Run one launchable config with manifest/event tracking.

Source code in graphids/exp/runtime.py

def launch_run(
    run: RunConfig,
) -> RunSummary:
    """Run one launchable config with manifest/event tracking."""
    if run.stage in {"fit", "test"} and run.resources.accelerator == "gpu":
        from graphids.runtime_checks import assert_pyg_cuda_extensions_match

        assert_pyg_cuda_extensions_match()

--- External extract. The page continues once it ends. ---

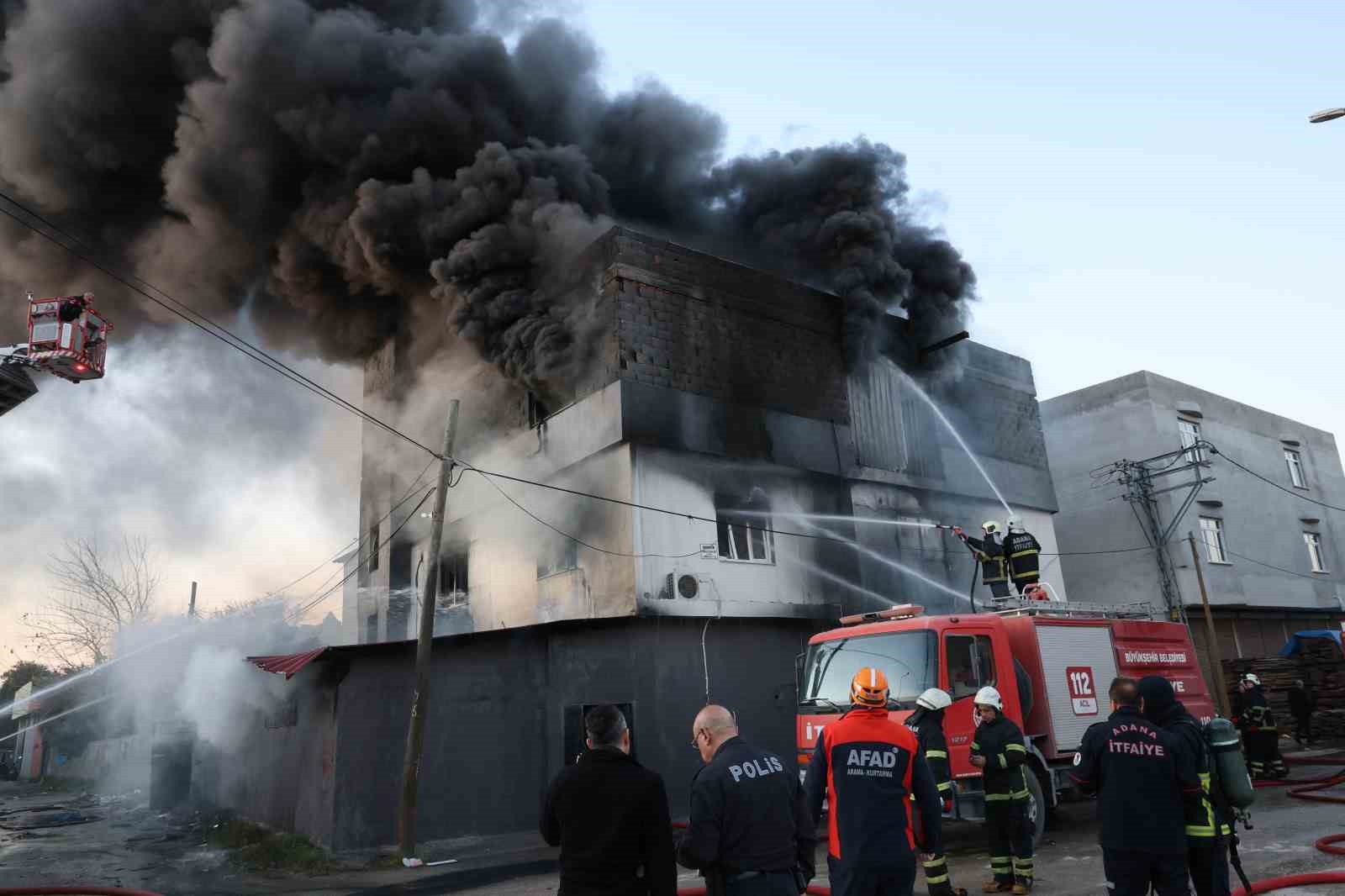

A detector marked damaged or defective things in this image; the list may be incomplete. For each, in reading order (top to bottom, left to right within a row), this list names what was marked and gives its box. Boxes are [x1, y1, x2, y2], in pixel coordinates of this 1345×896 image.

    backend = run.resources.backend
    if backend == "ray":
        try:
            import ray  # noqa: F401
        except ImportError:
            backend = "local"
    logger = _make_run_logger(run)
    logger.log_hyperparams(run.mlflow_hparams(backend=backend))
    manifest = run.journal_manifest(status="running")
    write_manifest(run.outputs.run_dir, manifest, name=run.outputs.manifest_name)
    append_event(
        run.outputs.run_dir,
        EventRecord(
            status="running",
            stage=run.stage,
            message="launch_started",
            details={"backend": backend},
        ),
        name=run.outputs.events_name,
    )

    try:
        if backend == "ray":
            import ray

            ray.init(ignore_reinit_error=True, include_dashboard=False)
            if logger.run_id is None:
                raise RuntimeError("MLflow logger did not create a run id before Ray launch")
            result = ray.get(ray.remote(_run_stage_with_existing_mlflow_run).remote(run, logger.run_id))
        else:
            result = run_stage(run, logger=logger)
        if logger.run_id is not None:
            logger.experiment.set_terminated(logger.run_id, status="FINISHED")
        append_event(
            run.outputs.run_dir,
            EventRecord(status="finished", stage=run.stage, message="run_finished", details=_payload(result)),
            name=run.outputs.events_name,
        )
        write_manifest(
            run.outputs.run_dir,
            manifest.model_copy(update={"status": "finished"}),
            name=run.outputs.manifest_name,
        )
        return RunSummary(
            run_dir=str(run.outputs.run_dir),
            status="finished",
            stage=run.stage,
            name=run.name,
            last_event="run_finished",
        )
    except BaseException as exc:  # noqa: BLE001 - record all failures, then re-raise
        failure = f"{type(exc).__name__}: {exc}"
        if logger.run_id is not None:
            logger.experiment.set_terminated(logger.run_id, status="FAILED")
        append_event(
            run.outputs.run_dir,
            EventRecord(
                status="failed",
                stage=run.stage,
                message="run_failed",
                details={"failure": failure},
            ),
            name=run.outputs.events_name,
        )
        write_manifest(
            run.outputs.run_dir,
            manifest.model_copy(update={"status": "failed", "failure": failure}),
            name=run.outputs.manifest_name,
        )
        raise

run_stage ¶

run_stage(run: RunConfig, logger: Any | None = None) -> dict[str, Any] | None

Default stage dispatcher for experiment launches.

Fit/test, extract, and analyze all run directly from the typed experiment config objects.